Pub/Sub is an asynchronous and scalable messaging service that decouples
services producing messages from services processing those messages.
Pub/Sub allows services to communicate asynchronously, with
latencies on the order of 100 milliseconds.
Pub/Sub is used for streaming analytics and data integration
pipelines to load and distribute data. It's equally effective as a
messaging-oriented middleware for service integration or as a queue to parallelize tasks.
Pub/Sub lets you create systems of event producers and consumers,
called
publishers
and
subscribers
. Publishers communicate with
subscribers asynchronously by broadcasting events, rather than by
synchronous remote procedure calls (RPCs).
Publishers send events to the Pub/Sub service, without regard to
how or when these events are to be processed. Pub/Sub then
delivers events to all the services that react to them. In systems communicating
through RPCs, publishers must wait for subscribers to receive the data. However,
the asynchronous integration in Pub/Sub increases the flexibility
and robustness of the overall system.
To get started with Pub/Sub, check out the
Quickstart using Google Cloud console
.
For a more comprehensive introduction, see
Building a Pub/Sub messaging system
.
Common use cases
-
Ingesting user interaction and server events.
To use user
interaction events from end-user apps or server events from your system,
you might forward them to Pub/Sub. You can then use a
stream processing tool, such as Dataflow, which delivers
the events to databases.
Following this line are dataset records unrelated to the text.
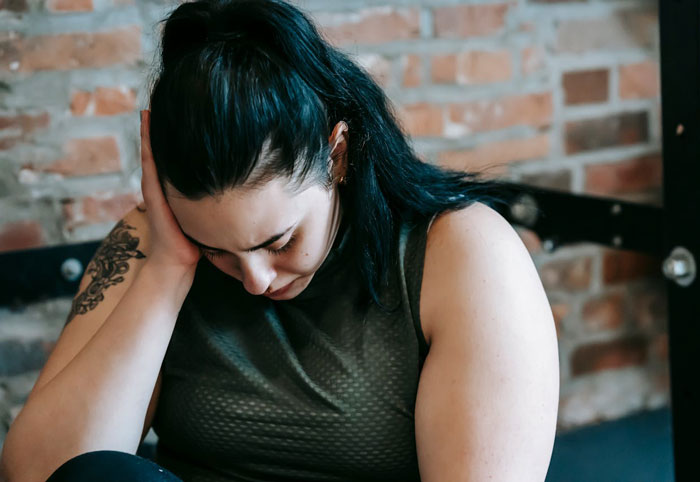 Woman sitting indoors looking down, appearing upset after being told to lose weight by a good friend.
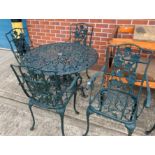 A green painted aluminium garden patio set comprising circular table (100cm diameter) and four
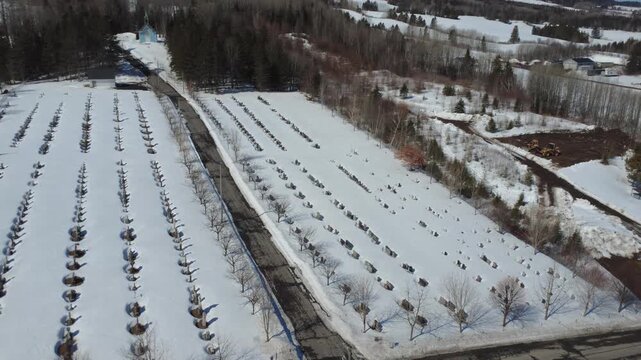 This aerial winter scene captures Lac‑au‑Saumon&rsquo;s snowy cemetery alignment leading to Saint Joseph&rsquo;s Oratory and the historic convent, highlighting the village&rsquo;s architecture and quiet seasonal beauty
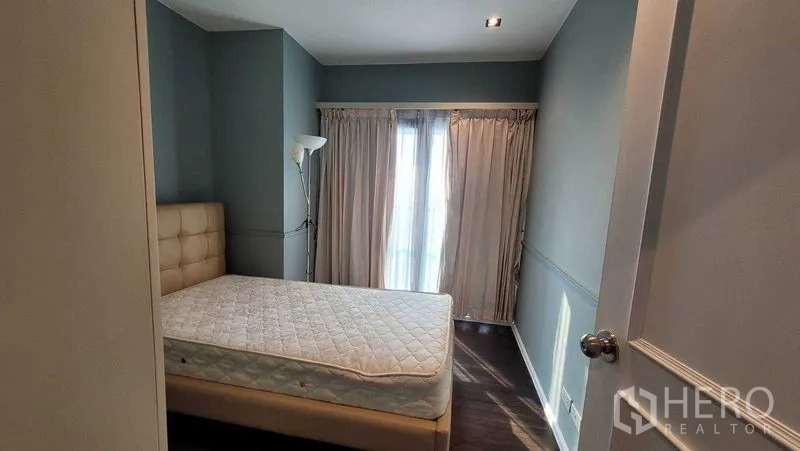 คอนโด ให้เช่าในKhlong Toei, Bangkok - ห้องนอนอบอุ่น เตียงบุหนัง พื้นไม้ และผ้าม่านสูงจรดเพดานเปิดสู่ระเบียง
Examples of such databases are
BigQuery, Bigtable, and Cloud Storage.
Pub/Sub lets you gather events from many clients
simultaneously.
-
Real-time event distribution.
Events, raw or processed, may
be made available to multiple applications across your team and organization
for real- time processing. Pub/Sub supports an "enterprise
event bus" and event-driven application design patterns.
Pub/Sub lets you integrate with many systems that export
events to Pub/Sub.
-
Replicating data among databases.
Pub/Sub
is commonly used to distribute change events from databases. These events
can be used to construct a view of the database state and state history in
BigQuery and other data storage systems.
-
Parallel processing and workflows.
You can efficiently
distribute many tasks among multiple workers by using Pub/Sub
messages to communicate with the workers. Examples of such tasks are
compressing text files, sending email notifications, evaluating AI models,
and reformatting images.
-
Enterprise event bus.
You can create an enterprise-wide
real-time data sharing bus, distributing business events, database updates,
and analytics events across your organization.
-
Data streaming from applications, services, or IoT devices.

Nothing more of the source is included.